李多暖懵了一下,他不会以为她没好好上课吧。
她清了清嗓音,决定先发制人,“我觉得周羽扬小朋友很有激情。”
“激情在哪儿?”张砚钧笑着问道。
经过两个月的锻炼,在哄家长和哄孩子这方面,李多暖颇有心得,温声道:“他的琴声很有气势。”

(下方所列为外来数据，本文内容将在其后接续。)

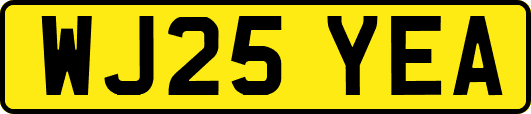 WJ25YEA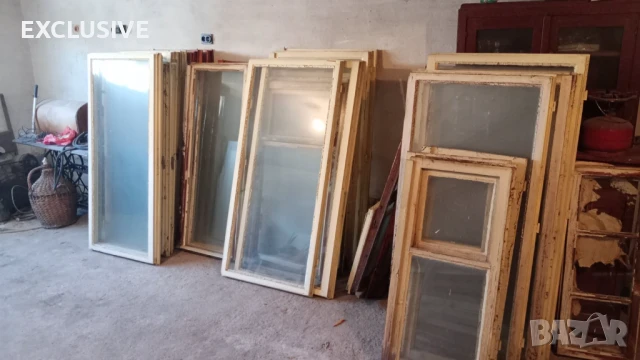 Крила на прозорци от 39 до 49 лв броя, снимка 6 - Дограми - 51047948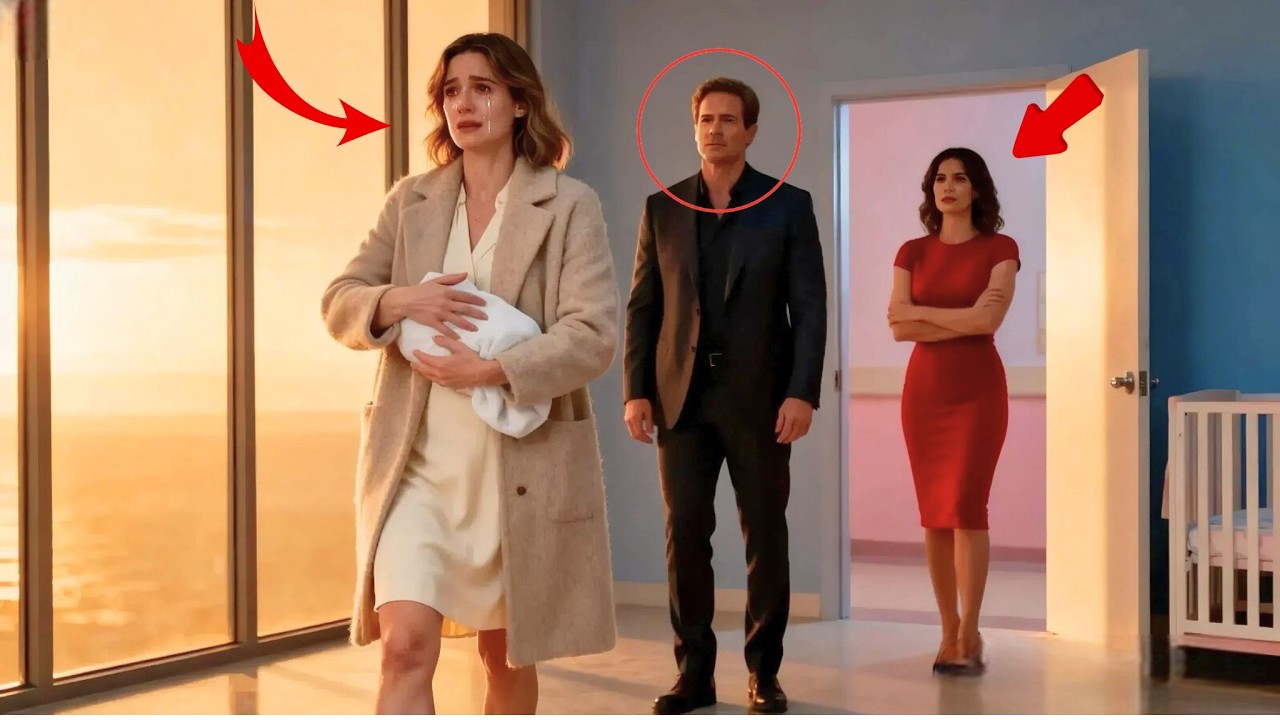 She Walked Away With Her Newborn Son — After He Said His Mistress Was His Only Family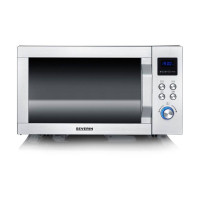 Mikrovlnná trouba Severin MW 7777, 25 l, 900 W, nerez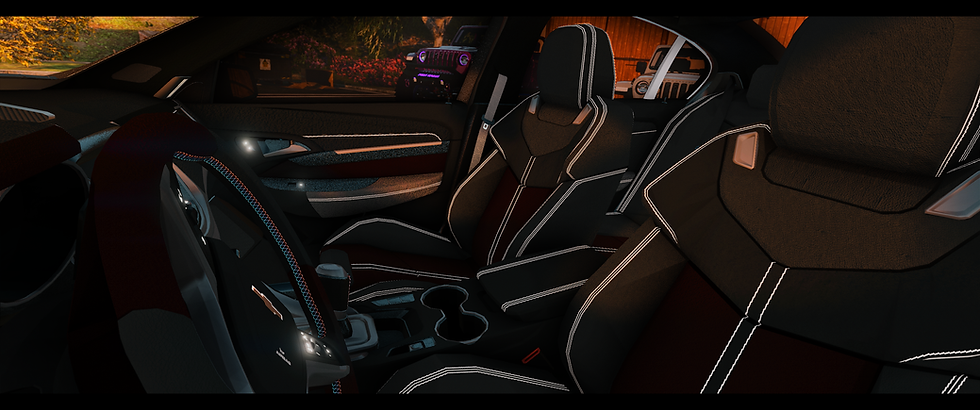 Thumbnail: Chevrolet SS Sedan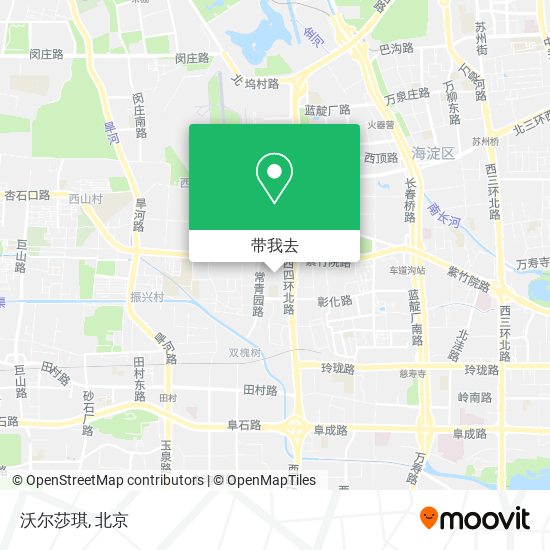 沃尔莎琪地图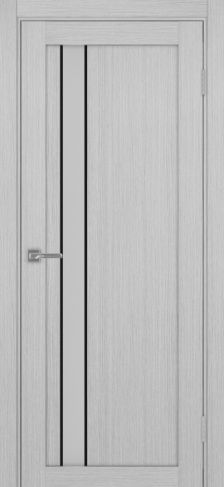 Полотно Турин 528АПС SB мателюкс дуб серый Цвет Дуб серый Размер 800х2000мм Покрытие Экошпон Стекло Матовое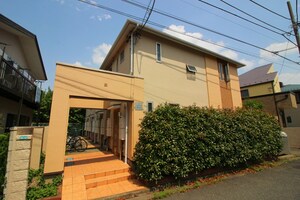 ラメゾンフローリ外観写真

她低头,对上亮晶晶的黑瞳,言语鼓舞,“如果可以给动画片配音,恐龙出场的音乐非你莫属。”
周羽扬声音拔高,“真的吗?”
“真的。”李多暖重重点头,善意的谎言不算撒谎。
周羽扬信了,眉开眼笑。
张砚钧眼角含笑,“你运气真好,遇到一个这么耐心的姐姐。”
李多暖斟酌着词句,“孩子的启蒙还是需要专业人士,我自己弹弹还行,教不了人,我让罗校长给你介绍专业内的大师。”
...
琴房门口,李多暖和罗淑珍简单说了一遍,随后罗淑珍牵起周羽扬去了另一个琴房。
李多暖站在门口,看向张砚钧,“他是谁家的小孩。”
“我硕导的孙子,他父母常年在国外,跟着爷爷奶奶长大。”
李多暖听着,心里一软,“他要是在这里学,我肯定......”
“你们这里,收不收成年人?”
话还没说完就被张砚钧打断,李多暖懵了一瞬,“什么?”
张砚钧抬眼看她,“我想学钢琴。”
李多暖眨巴眨巴眼,以为自己听错了。
“你想学钢琴?”
“嗯。”
李多暖看着他,有点反应不过来。
这个人,市商务委外贸发展处副处长,两米高的大山,站在她面前,说要学钢琴?
“你怎么想到学钢琴呀?”
张砚钧沉默了一秒。
“单位年底要搞文艺汇演,每个部门都得出节目。”
李多暖点点头,表示十分理解,她拍拍胸脯做保证,“你放心,我们这的老师都很厉害,保管你一曲惊艳四座。”
“你能教吗。”
李多暖惊讶,指了指自己,“我?”
张砚钧垂眸看她,黑眸亮而沉,“学到年前,会一首就行。”
“我没当过老师。”她只是个前台小妹,偶尔在忙不来的时候顶顶位。
“我只想让你教。”
李多暖眉心轻拧,眼底流露出一丝困惑,她觉得张砚钧的态度有些微妙,他没有过分热情,
没有越界举动,可细碎的小动作,熟络随意的语气,处处透着不对劲,李多暖兀自纳闷着,难道是她年纪小,跟他妹妹是朋友?